Starter: Karl-Anthony Towns
Depth: Gorgul Dieng
The sham of this entire roster breakdown is how long it took for the name Karl-Anthony Towns to appear. Then again, lost in all the discussions about Butler and Wiggins is Karl-Anthony Towns. Like with Wiggins, his scoring average dipped last season due to the presence of Butler, but he was every bit the player he was in his first two years. And yet the attention paid him was less than in his first two years. Part of that is how viewers of the game now treat big men — they are largely invisible to us until they step beyond the arc. Part of that is also due to Minnesota’s standing in the Western Conference. Having made the playoffs, they leave less to the imagination than they once did. The distance between them and the Conference’s upper echelon is also abundantly clear.
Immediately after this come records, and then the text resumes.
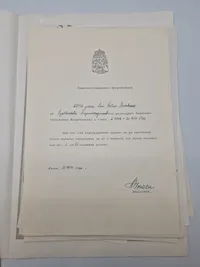 Stort papirlot fra major i det danske forsvar
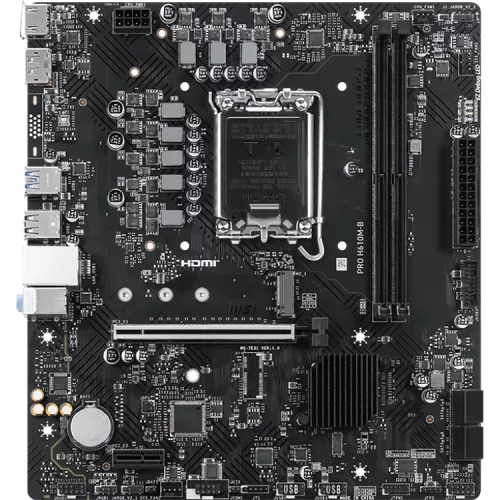 Материнская плата/ PRO H610M-B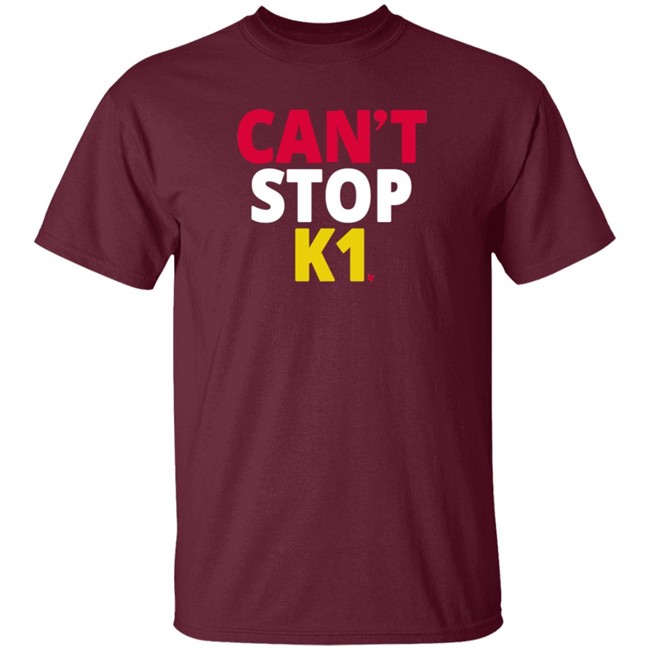 BreakingT Can't Stop K1 Tee Shirt BreakingT Can't Stop K1 Tee Shirt
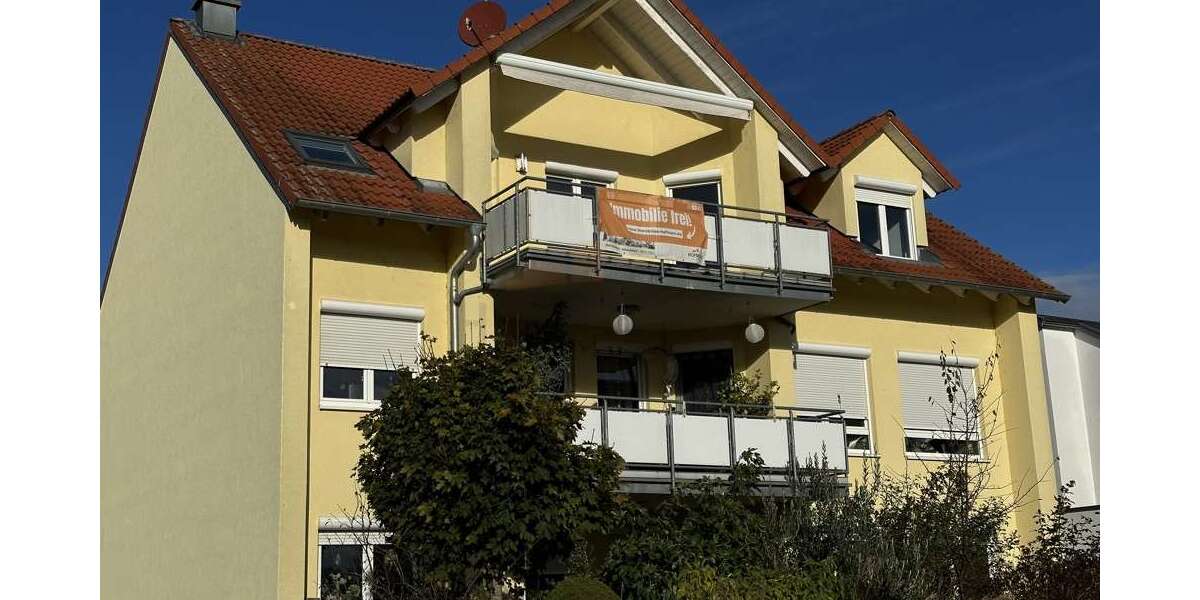 Etagenwohnung Bergrheinfeld - 4 Zimmer, 112 m&sup2;, 1.030&euro; | Angebot:27295075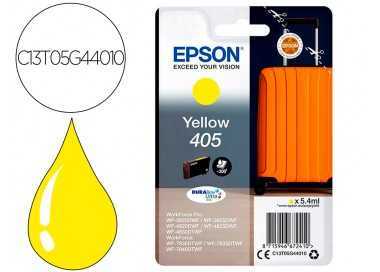 Ink-jet epson 405 wf-3820dwf / wf-4820dwf / wf-7830dtwf / wf-7840dtwf amarillo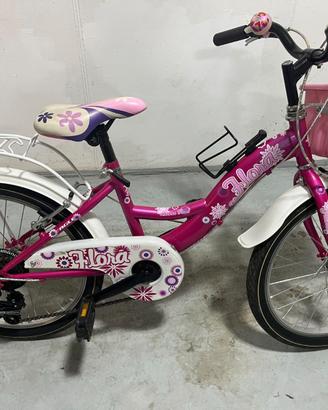 Bicicletta Flora 20" Bambina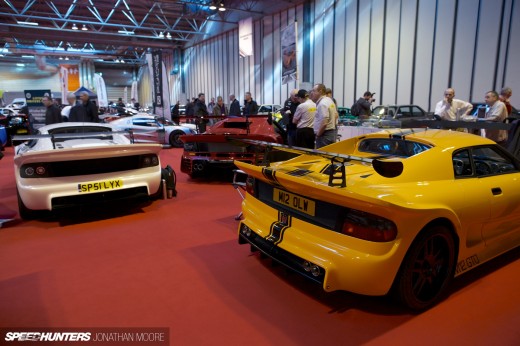 The 2014 Autosport International Racing Car Show at the Birmingham National Exhibition&nbsp;Centre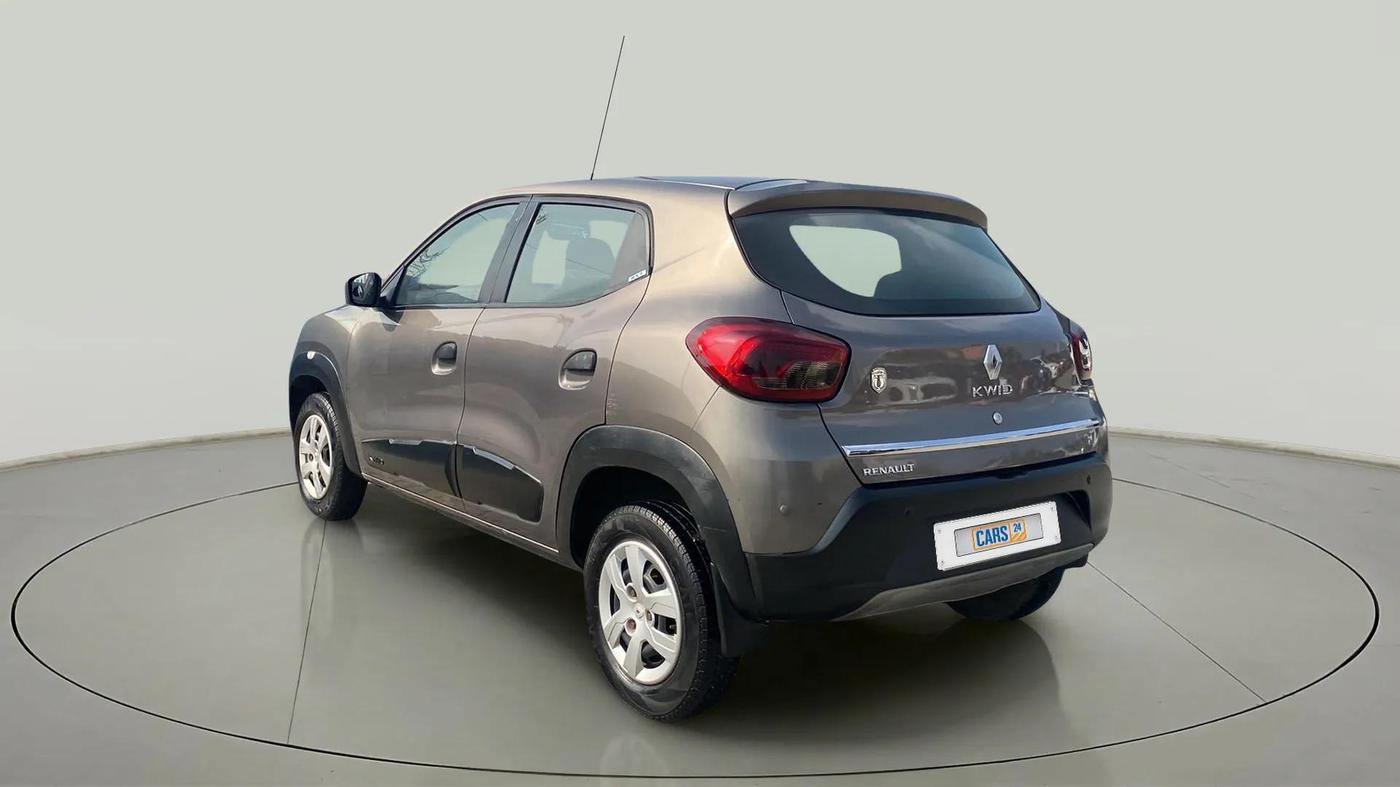 2016 Renault Kwid RXT 0.8, Petrol, Manual, 31,425 km, Left Back Diagonal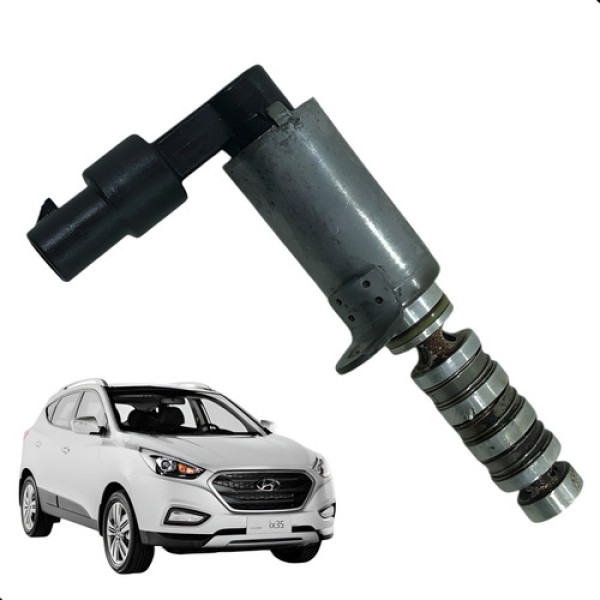 Válvula Solenoide Pressão Óleo Hyundai Ix35 2.0 2015 2016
The only way Towns can reclaim the spotlight of general managers, sportswriters, and fans is to demand it through his play. Minnesota should be a better defensive team. They should have better leadership and not so many fourth quarter lapses. Maybe such characteristics and results are a lot to demand from such young talents as Towns and Wiggins, but young pairings who could not figure it out are the key ingredients to the league’s most haunting what could have beens, which is also another reason why the sight of Thibodeau and so many relocated Bulls is such a terrible sight indeed.